■ **Data segment**:
-=-=-

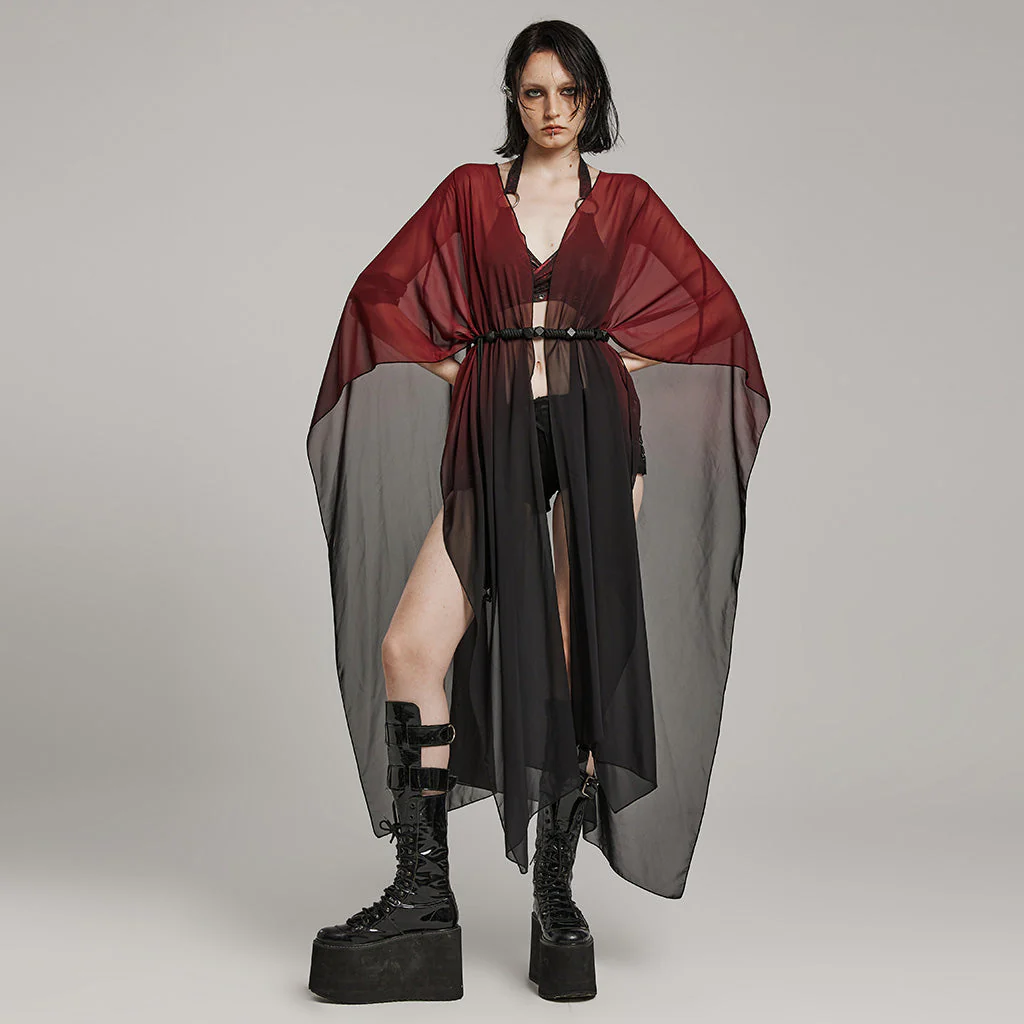 WY-1566DPF Punk Rave Gothic Shirt Sheer Long Drape Kimono Top with Belt - Image 31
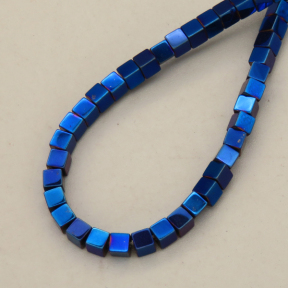 Non-magnetic Synthetic Hematite Beads Strands,Square,Plating,Royal Blue,2mm,Hole:1mm,about 190 pcs/strand,about 6.5 g/strand,5 strands/package,14.93"(38mm),XBGB08428vbmb-L020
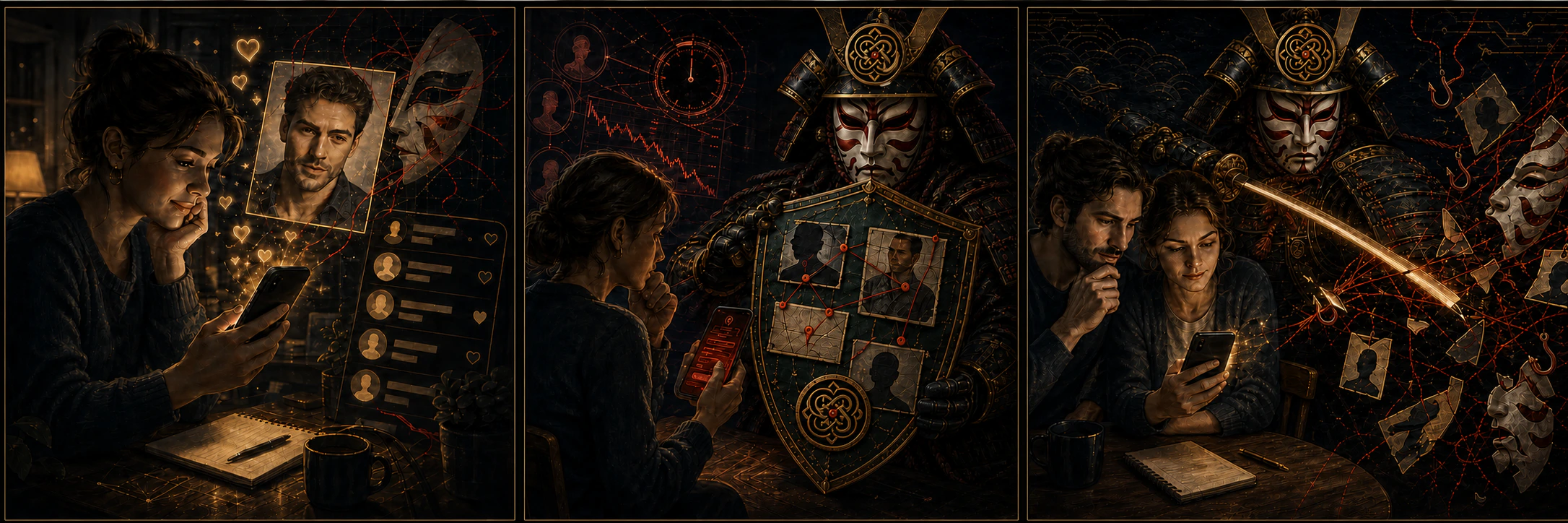 Three-panel illustration of an adult drawn into an online romance, Scamurai revealing identity inconsistencies, and a trusted friend helping verify the account.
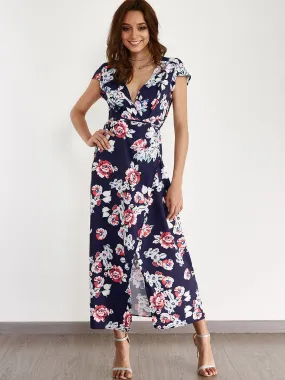 Wholesale Navy Deep V Neck Short Sleeve Floral Print Slit Hem Maxi Dress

-=-=-

■ **Task to carry out**: Please output the material above unchanged, apart from removing the pictures.

■ **Answer section**:
 WY-1566DPF Punk Rave Gothic Shirt Sheer Long Drape Kimono Top with Belt - Image 31
 Non-magnetic Synthetic Hematite Beads Strands,Square,Plating,Royal Blue,2mm,Hole:1mm,about 190 pcs/strand,about 6.5 g/strand,5 strands/package,14.93"(38mm),XBGB08428vbmb-L020
 Three-panel illustration of an adult drawn into an online romance, Scamurai revealing identity inconsistencies, and a trusted friend helping verify the account.
 Wholesale Navy Deep V Neck Short Sleeve Floral Print Slit Hem Maxi Dress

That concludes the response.